Hoffnung für Opfer von Vergewaltigung
Zum ersten Mal ging auch der Einsatz von sexueller Gewalt als Kriegswaffe in das Urteil des Gerichts mit ein. Das ist eine historische Entwicklung: Zwar hatte das Weltstrafgericht auch im Falle des kongolesischen Kriegsverbrechers Germain Katanga wegen Vergewaltigung ermittelt. In diesem Punkt hatte das Gericht aber keine Schuld feststellen können. Adam Pastory Waushirombo in Tansania gratuliert dem Gerichtshof in Den Haag für die Entscheidung im Fall Bemba: "Vergewaltigung ist ein Akt der Erniedrigung", schreibt er auf Facebook.
Das Strafmaß biete den Opfern von sexueller Gewalt "ein gewisses Maß an Gerechtigkeit", sagte Géraldine Mattioli-Zeltner nach der Urteilsverkündung. Sie arbeitet bei der internationalen Menschenrechtsorganisation Human Rights Watch. Das Urteil interpretierte sie auch als Warnung: "Andere Befehlshaber sollten aufmerksam werden, dass sie auch für Vergewaltigungen und anderen Missbrauch von Menschen durch ihre Soldaten zur Verantwortung gezogen werden können."
Viele schwere Verbrechen, darunter der systematische Gebrauch von sexueller Gewalt, blieben jedoch nach wie vor in beiden Ländern unberücksichtigt - in der Zentralafrikanischen Republik genauso wie in der Demokratischen Republik Kongo, sagt Mattioli-Zeltner. Rechtsexperte Mark Ellis von Bar International zeigte sich im DW-Interview indes enttäuscht von der "fehlenden Transparenz und Kohärenz" des Gerichts: Für so ein schwerwiegendes Urteil hätte das Strafmaß schärfer ausfallen müssen als 18 Jahre, sagte er der DW.

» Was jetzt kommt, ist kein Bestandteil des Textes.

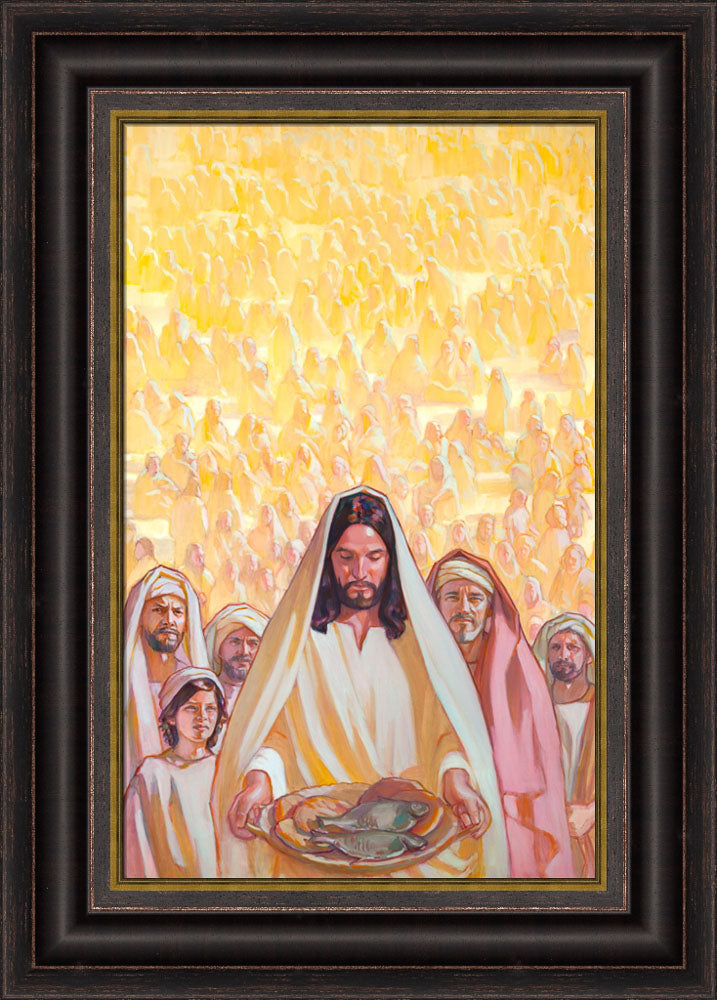 Jesus holding a basket of bread and fish with masses of people behind him.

Einige afrikanische DW-Nutzer äußerten auf den DW-Facebookseiten eine ganz andere Kritik: "Warum werden immer nur Afrikaner verurteilt?", fragte etwa Achille Bukondo aus dem ostkongolesischen Goma. Und Nutzer Akd-Diase kritisierte: "Der IStGH ist das Gericht für afrikanische Führer."